The Geomancer


B&N on Melty Men

The Barnes and Noble review of The Man Who Melted, courtesy of Paul Goat Allen:

"Jack Dann's Nebula Award–nominated The Man Who Melted (1984) is one of the genre's most underappreciated classics. Written as four interconnected short stories between 1981 and 1983, Dann's haunting vision of a dystopic 22nd-century Earth is appropriately described by Robert Silverberg in the novel's introduction as 'a book like no other science fiction novel…the future as nightmare, science fiction as poetic vision.'

Equal parts social commentary, apocalyptic thriller, and dark prophecy, the novel stars Raymond Mantle, a psychologically shattered man obsessed with finding his wife (and sister) Josiane, who disappeared during the Great Scream -- a large-scale outbreak of shared insanity that swept the Earth and turned millions into raging, murdering disciples of the collective conscious. Suffering from amnesia when it comes to memories of his wife, Mantle will do anything to find her -- even if it means telepathically plugging into a dying Screamer's memories. But after traveling a world gone insane in search of clues to her whereabouts, what Mantle finds at journey's end just may be enough to trigger another -- and final -- Great Scream…
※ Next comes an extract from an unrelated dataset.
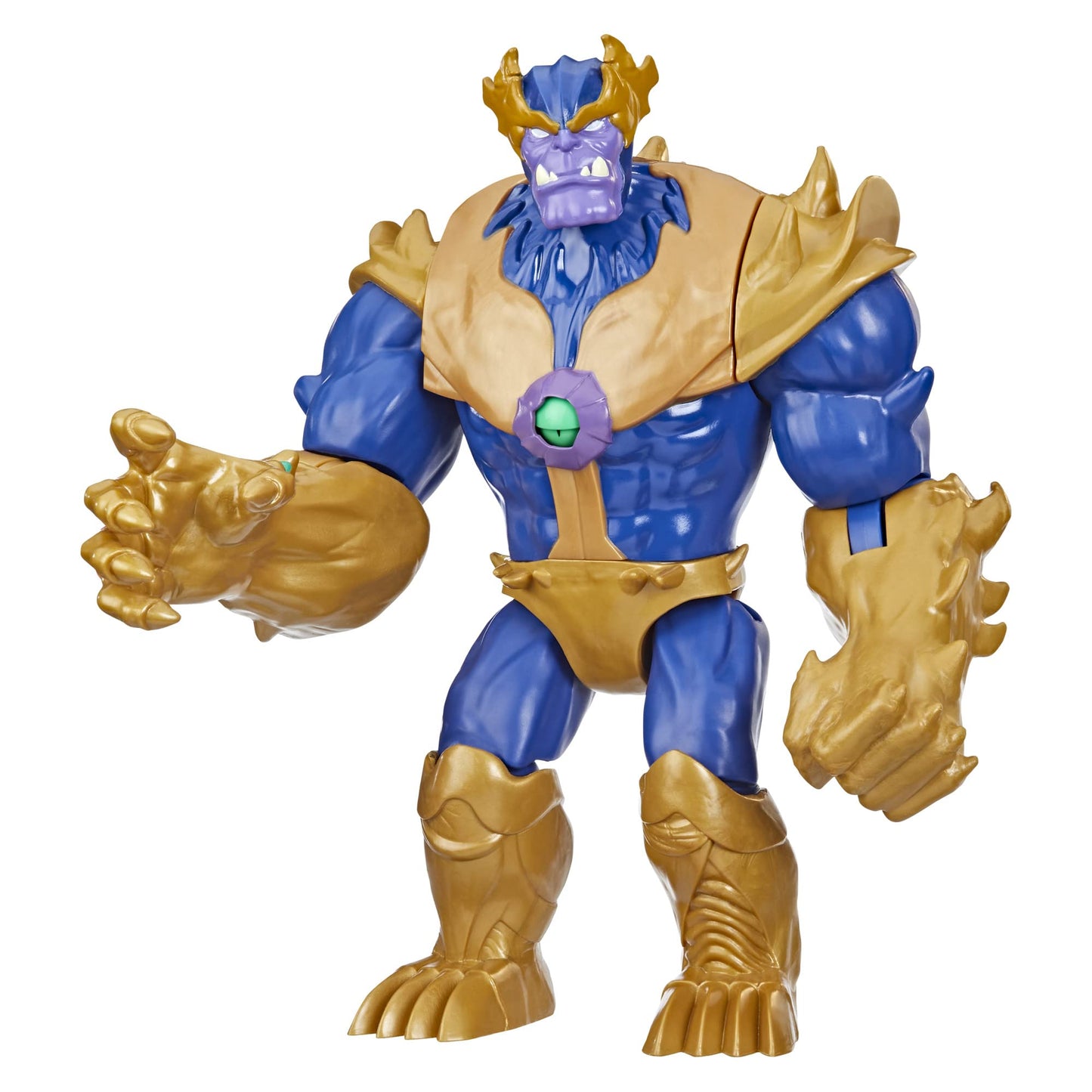 Marvel Avengers Mech Strike Thanos Action Figure, 9-Inch Deluxe Toy, Multicolored, for Kids Ages 4 and Up, Model MARVEL-F4376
Since its launch in 2005, the editorial brain trust at Pyr has (among other accomplishments) reissued numerous largely overlooked genre masterworks and breathed new life into them with innovative new cover art, updated introductions, etc. Longtime science fiction fans who enjoy rediscovering truly visionary classics like Dann's The Man Who Melted should also check out Pyr reissues of George Zebrowski's Macrolife and Robert Silverberg's Star of Gypsies. All three novels more than adequately support the curmudgeonly claim that they just don't write 'em like they used to… "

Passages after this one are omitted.